Ben Hamza made one end of the rope fast around Abdul Ali's feet. He would not listen to argument. He said he knew his business, and certainly the knot was workmanlike. Then he called over the parapet (an Arab never whistles) and a voice answered from the southern side of the moat, where some fallen stones cast a shadow. Then the three of them lifted Abdul Ali over, and lowered him head-first.
It was a slow business, for otherwise he would have been stunned against the first projection. I thought that Grim looked almost as nervous as I felt, but Mahommed ben Hamza was having the time of his life, and could not keep his tongue still.
"Head upwards a man can yell," he explained to me, grinning from ear to ear. "Feet upwards, too afraid to yell!" Then the thundering on the door began again, louder than before it seemed to me. They were using a battering-ram. But they were too late. After what seemed like a long-drawn hour we saw shadowy arms below reach up and seize our prisoner. Then the loose rope came up again hand over hand.

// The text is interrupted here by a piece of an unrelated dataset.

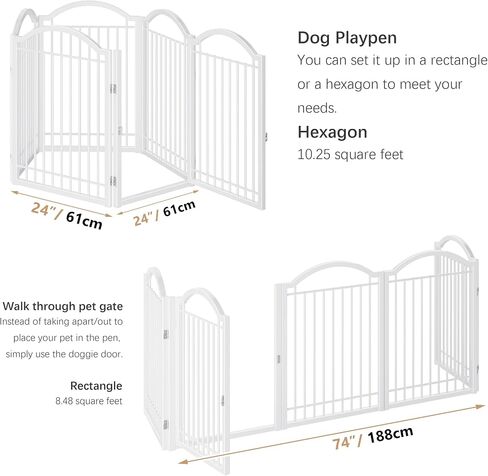 BHG Metal No-Assembly Freestanding Dog Gate with Door Walk Through, Extra Wide 72", Extra Tall 32" Pet Gate, Accordion Puppy Folding Playpen Dog Fence, with 2PCS Support (Black, 3 Panels) in Saudi Arabia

"You next!" said Grim quietly. He pushed me forward, after carefully examining the loop Mahommed ben Hamza tied in the end of the rope.
Chapter Ten
"Money doesn't weigh much!"
Well-you don't stand on precedence or ceremony at times like that. Over I went in the bight of the rope. They let me fall about fifteen feet before they seemed to realize that I had let go of the parapet. Added to all that had gone before, that made about the climax of sensation. The pain of barking the skin of knees and elbows against projecting angles of stone was a relief.
I am no man of iron. I haven't iron nerves. Not one second of that descent was less than h.e.l.l. I could hear the thunder of some kind of battering-ram on the door at the foot of the stair. I could imagine the rope chafing against the sharp edge of the parapet as they paid it out hand over hand. The only thing that made me keep my head at all was knowledge that Abdul Ali had had to do the trip feet-upward, with his head in a bag. When they let go too fast it was rather like the half-way stage of taking chloroform. When they slowed up, there was the agonizing dread of pursuit. And through it all there burned the torturing suggestion that the rope might break.

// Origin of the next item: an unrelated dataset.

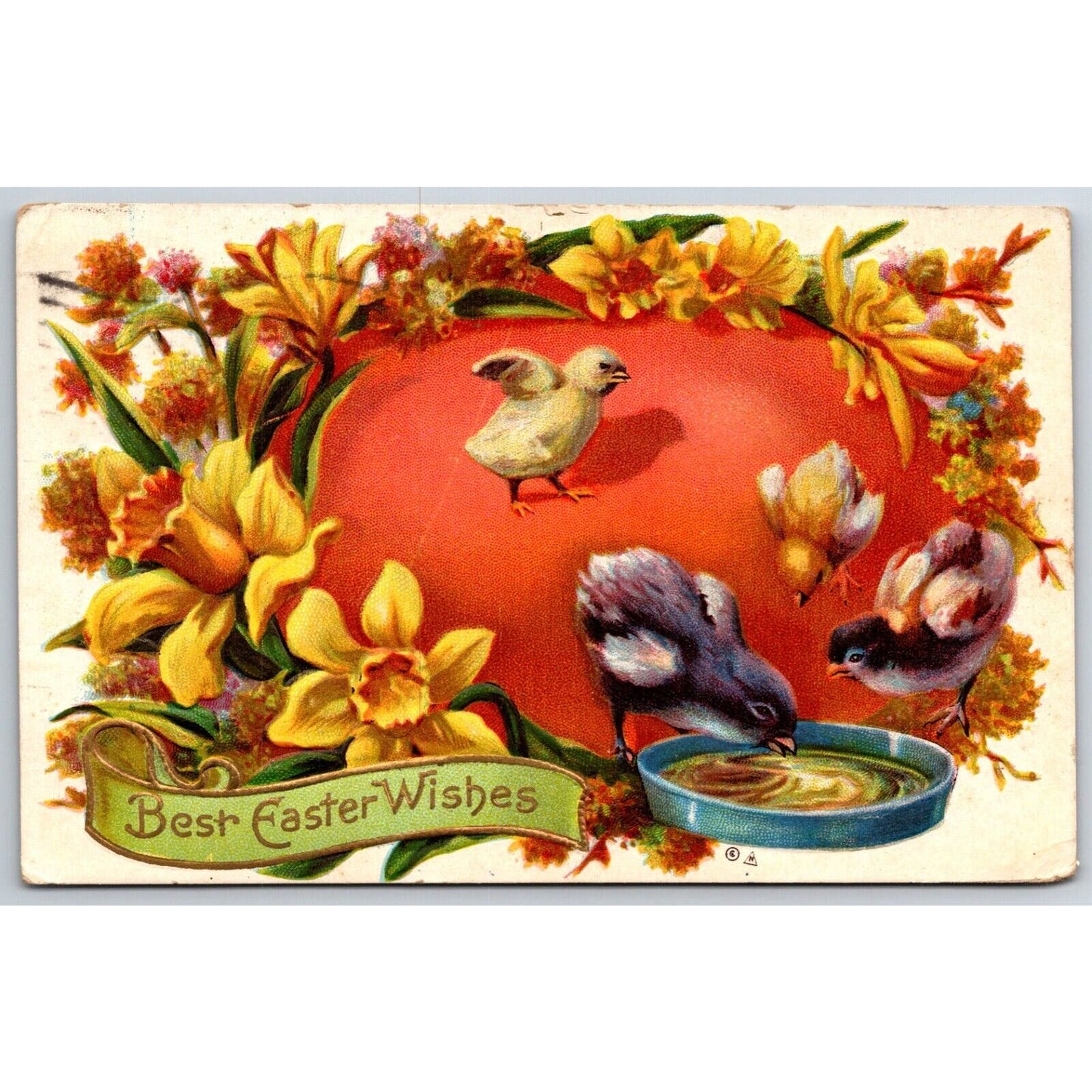Easter Postcard "Best Easter Wishes" Floral Baby Chicks Gilt EMB. PM 1911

Mother Earth felt good that night, when strong hands reached up and lifted me out of the noose that failed of reaching the bottom by about a man's height. Come to think of it, it wasn't mother earth at that. It was the stinking carca.s.s of a camel only half autopsied by the vultures, that my feet first rested on-brother, perhaps, to the beast I had put out of his agony that afternoon.